Task description> With the line containing "দুই যুগ পর ধানের" as the start and the line containing "Citroen Berlingo 1.5" as the end, transcribe that span of the entries below exactly, including both.

Available data>
****************

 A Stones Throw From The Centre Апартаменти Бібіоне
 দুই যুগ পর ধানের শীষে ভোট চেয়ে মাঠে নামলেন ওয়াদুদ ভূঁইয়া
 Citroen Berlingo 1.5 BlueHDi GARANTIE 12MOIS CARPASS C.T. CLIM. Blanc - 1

****************

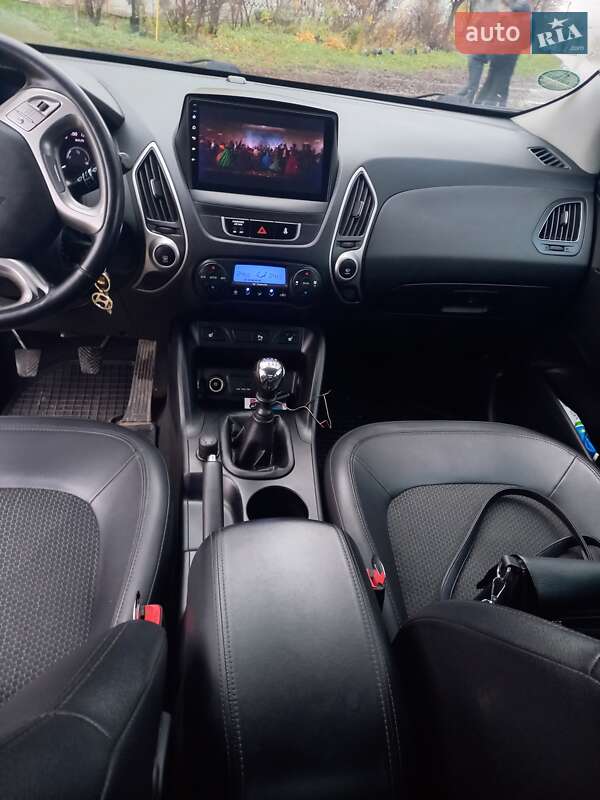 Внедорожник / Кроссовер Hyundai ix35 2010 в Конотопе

****************

Response area>
 দুই যুগ পর ধানের শীষে ভোট চেয়ে মাঠে নামলেন ওয়াদুদ ভূঁইয়া
 Citroen Berlingo 1.5 BlueHDi GARANTIE 12MOIS CARPASS C.T. CLIM. Blanc - 1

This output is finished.